▸ Data for the task:
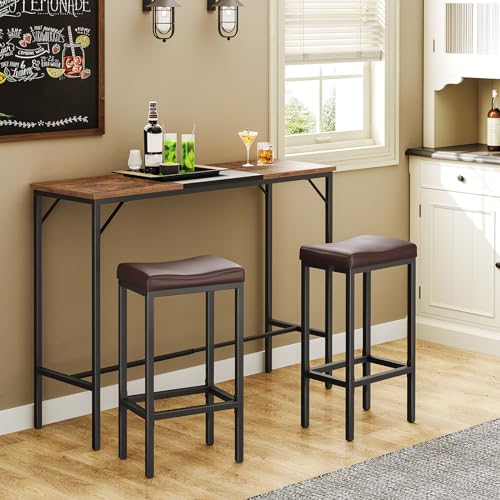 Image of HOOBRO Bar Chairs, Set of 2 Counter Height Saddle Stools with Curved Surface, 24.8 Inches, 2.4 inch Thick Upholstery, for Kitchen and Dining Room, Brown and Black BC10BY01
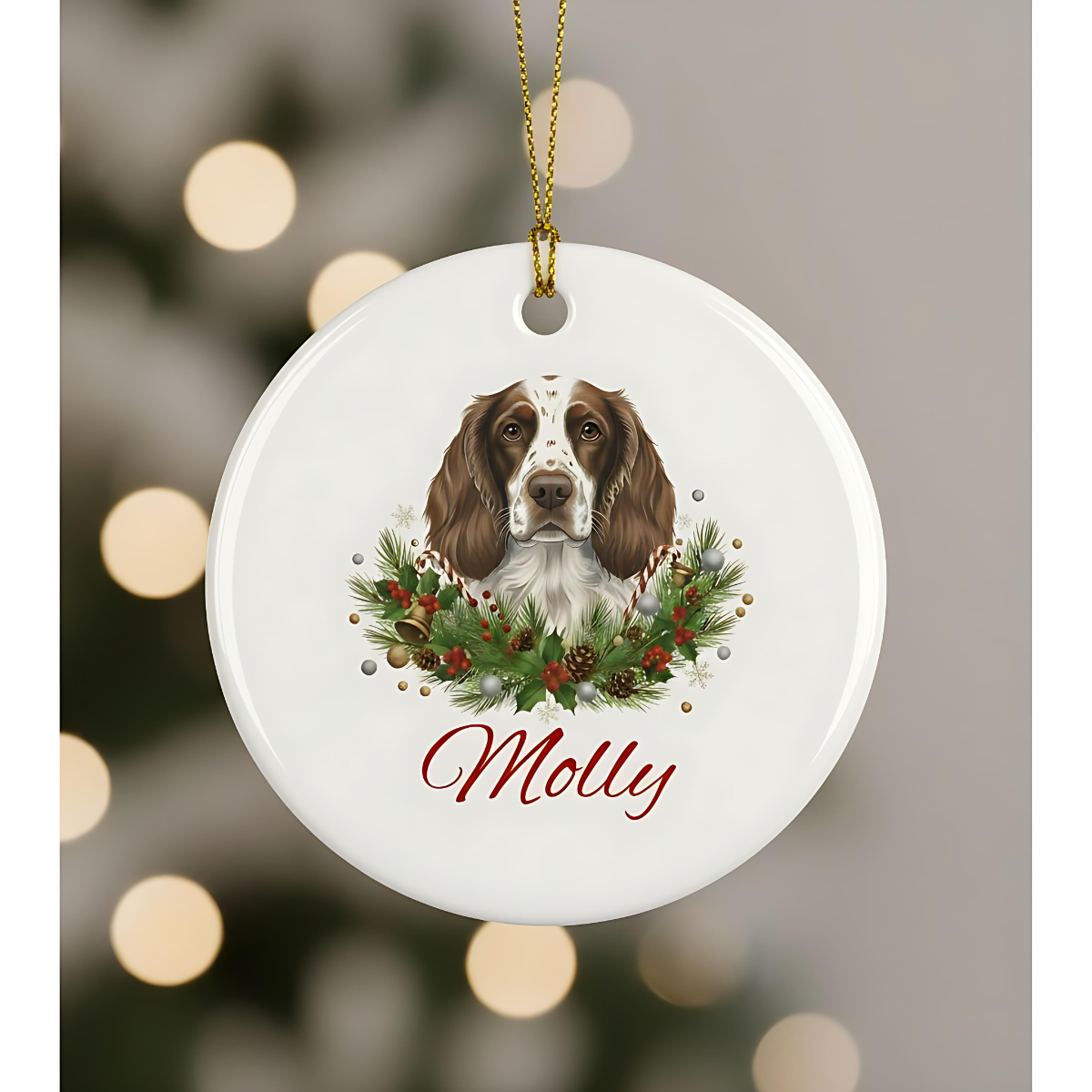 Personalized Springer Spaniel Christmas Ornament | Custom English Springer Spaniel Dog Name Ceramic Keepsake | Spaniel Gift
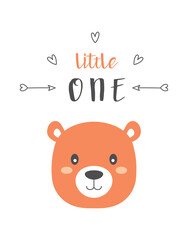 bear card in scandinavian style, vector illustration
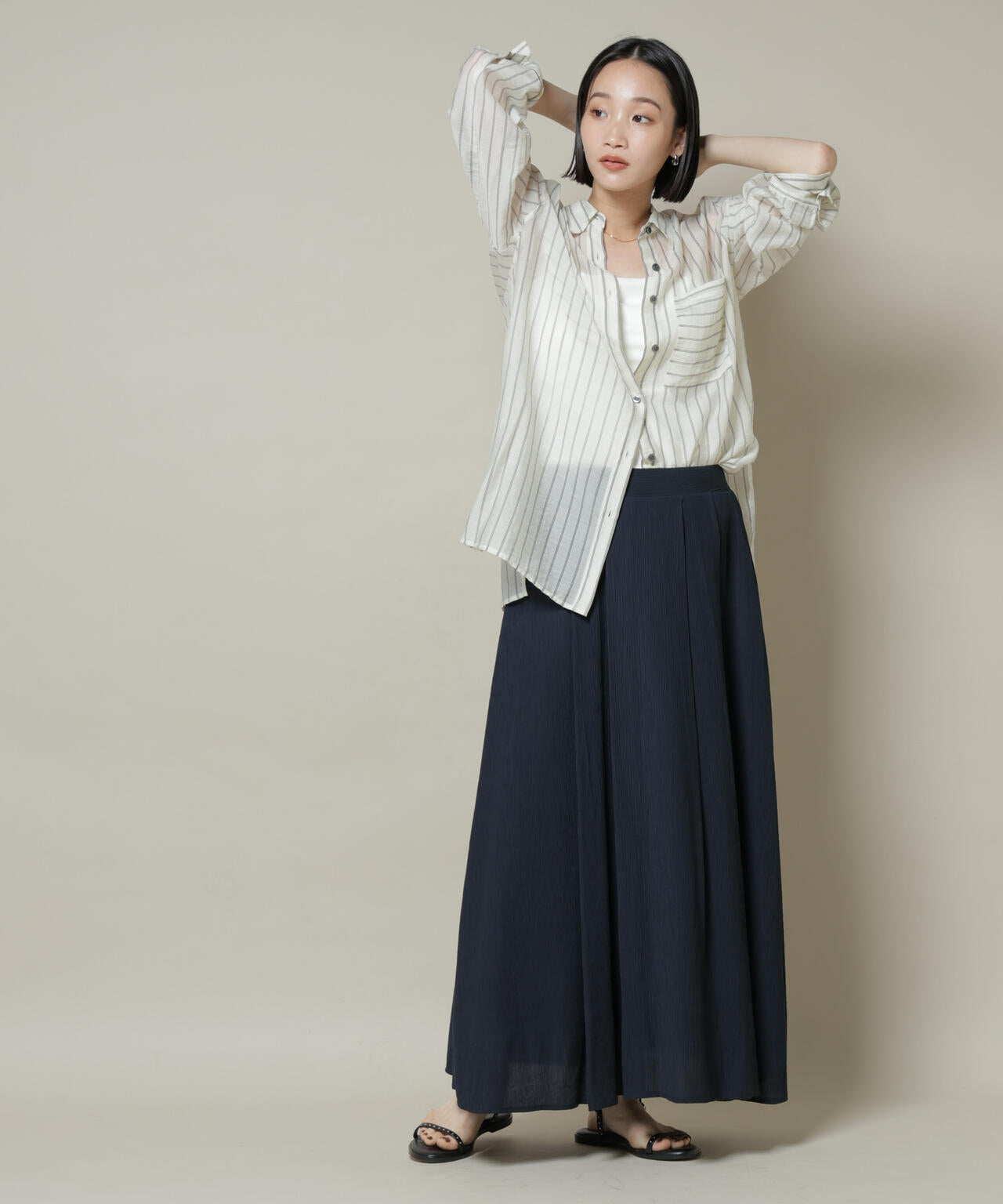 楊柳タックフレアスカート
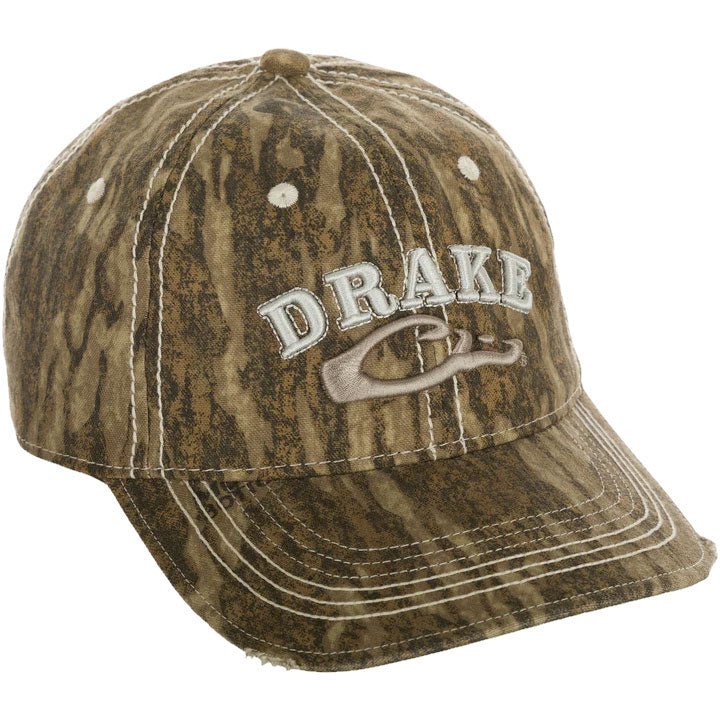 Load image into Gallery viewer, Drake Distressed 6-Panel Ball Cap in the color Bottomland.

--

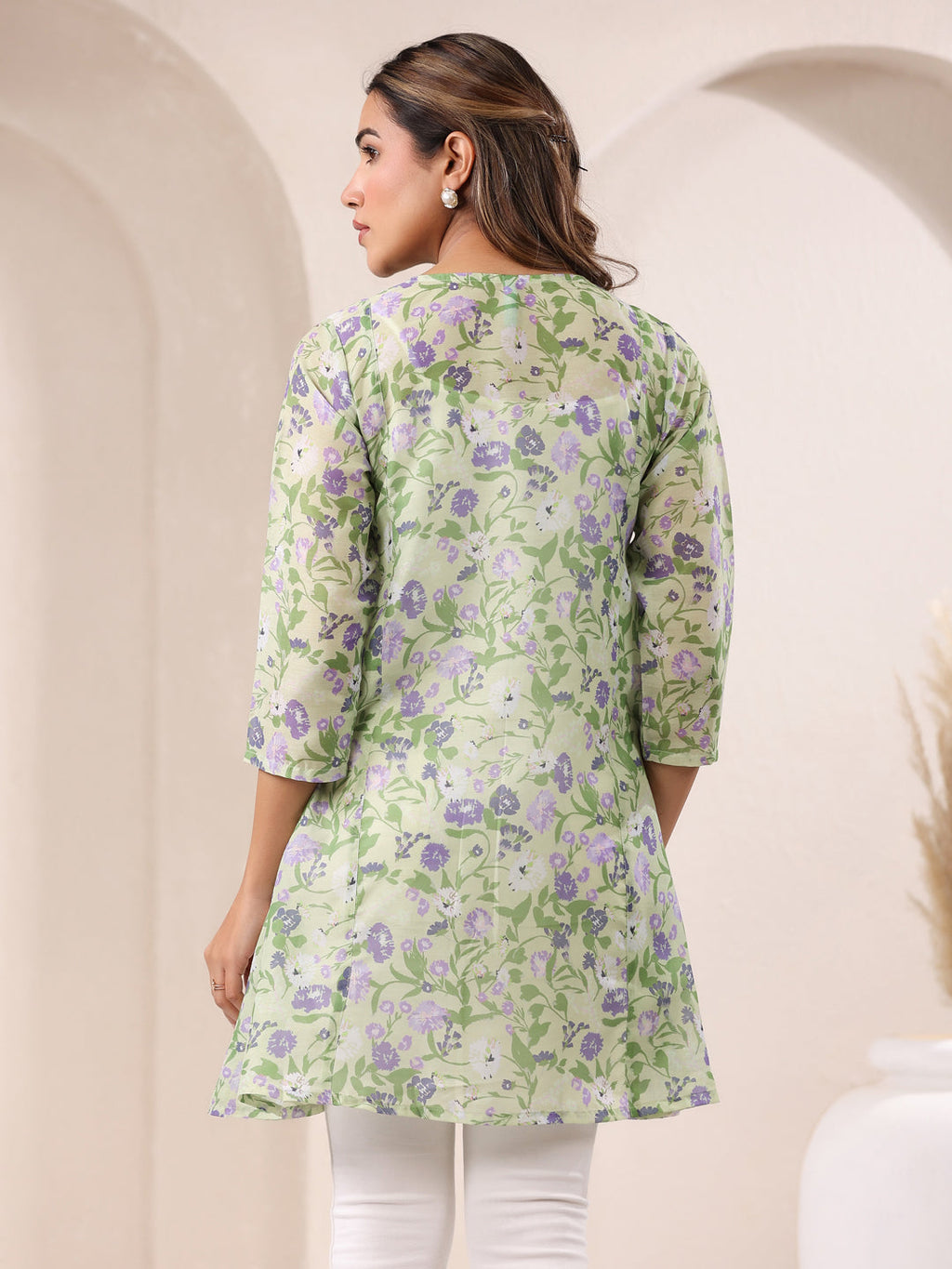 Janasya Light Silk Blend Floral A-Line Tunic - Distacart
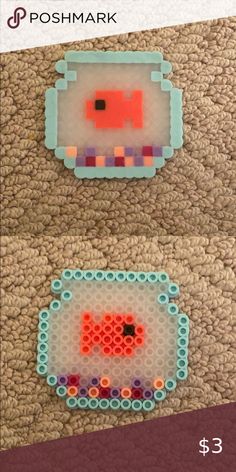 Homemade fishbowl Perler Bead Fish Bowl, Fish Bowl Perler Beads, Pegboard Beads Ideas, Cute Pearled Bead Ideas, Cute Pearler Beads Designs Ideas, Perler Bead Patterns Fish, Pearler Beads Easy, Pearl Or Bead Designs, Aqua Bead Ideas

▸ Activity: Without the pictures, set down the lines above from the line with "Personalized Springer Spaniel" up to and including the line with "Load image into" exactly as they stand.

▸ Solution to this problem:
 Personalized Springer Spaniel Christmas Ornament | Custom English Springer Spaniel Dog Name Ceramic Keepsake | Spaniel Gift
 bear card in scandinavian style, vector illustration
 楊柳タックフレアスカート
 Load image into Gallery viewer, Drake Distressed 6-Panel Ball Cap in the color Bottomland.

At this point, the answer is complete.